Law’s the rare Hollywood star who’s grown more interesting later in his career because of his willingness to step outside the familiarity of leading man roles. It’s thanks to his chameleonic transformation into a prickly expatriate in The Third Day, a creepy music manager in Vox Lux, a duplicitous trader in The Nest, and a sociable cardinal in The Young Pope that his performance as Jake is more dynamic than it would’ve been with a less seasoned actor. Jake’s magnetism is undefinable, but the mysterious showmanship poured into the restaurant has created a trance-like experience for his clients; most of his guests are willing to be transported by Jake for an evening, but wouldn’t want to think too hard about the roads their host travelled.

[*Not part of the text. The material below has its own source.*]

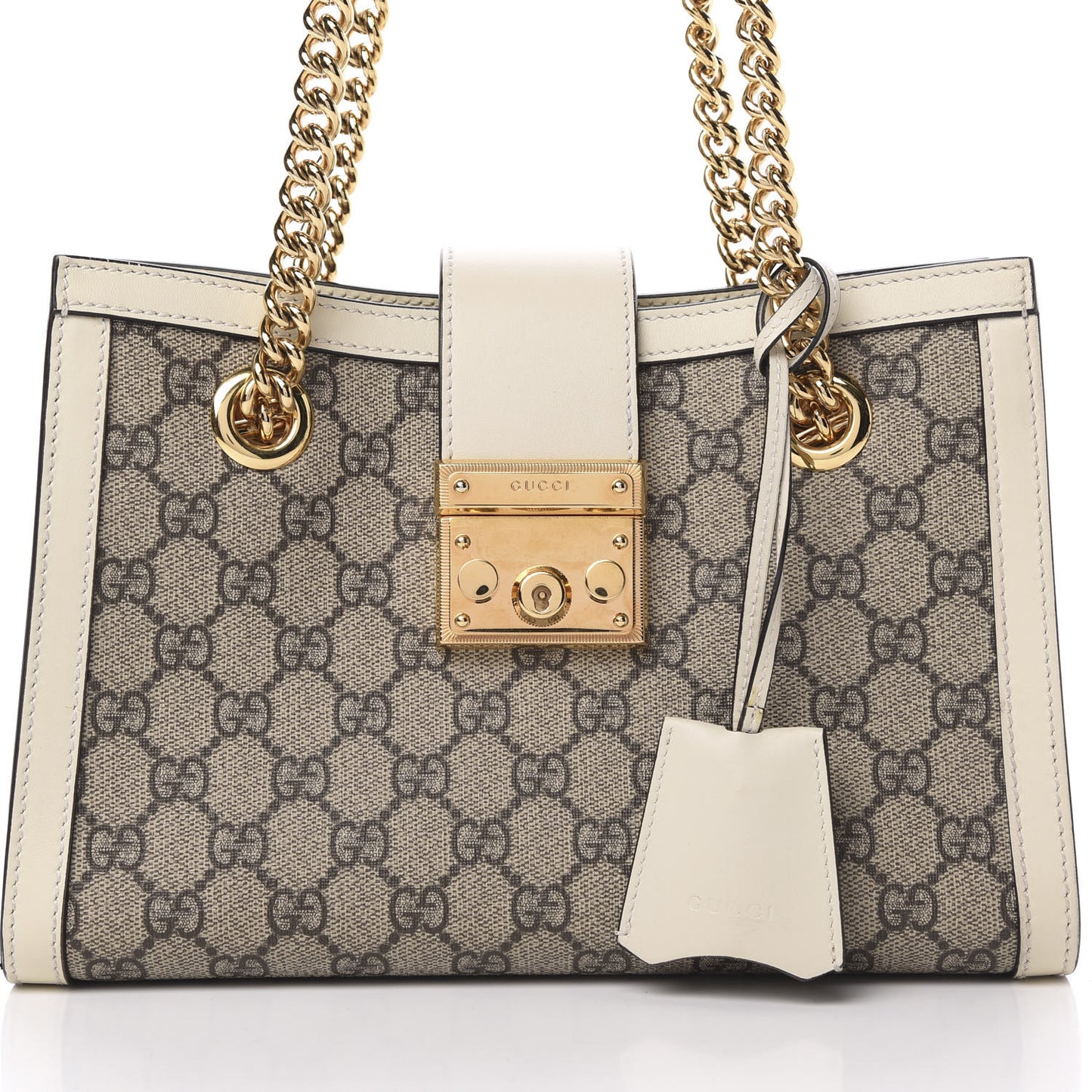 GG Supreme Monogram Moon Calfskin Small Padlock Tote Beige Ebony Mystic White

Bateman’s greatest contributions to the show are behind-the-scenes, even if his performance has an endearingly unpredictable energy. Although Bateman was perhaps a bit too sarcastic and self-deprecating to make it as a traditional leading man in the wake of the critical acclaim of Arrested Development, he transformed into one of the most consistent auteurs in prestige television. Ozark, a series Bateman willed into existence as a creative developer and star, succeeded thanks to a strange blend of elegant filmmaking and shock. Black Rabbit is geared towards the same audience; it’s hard not to get swept up in the labyrinth of crime and consequence that has kept the series so propulsive.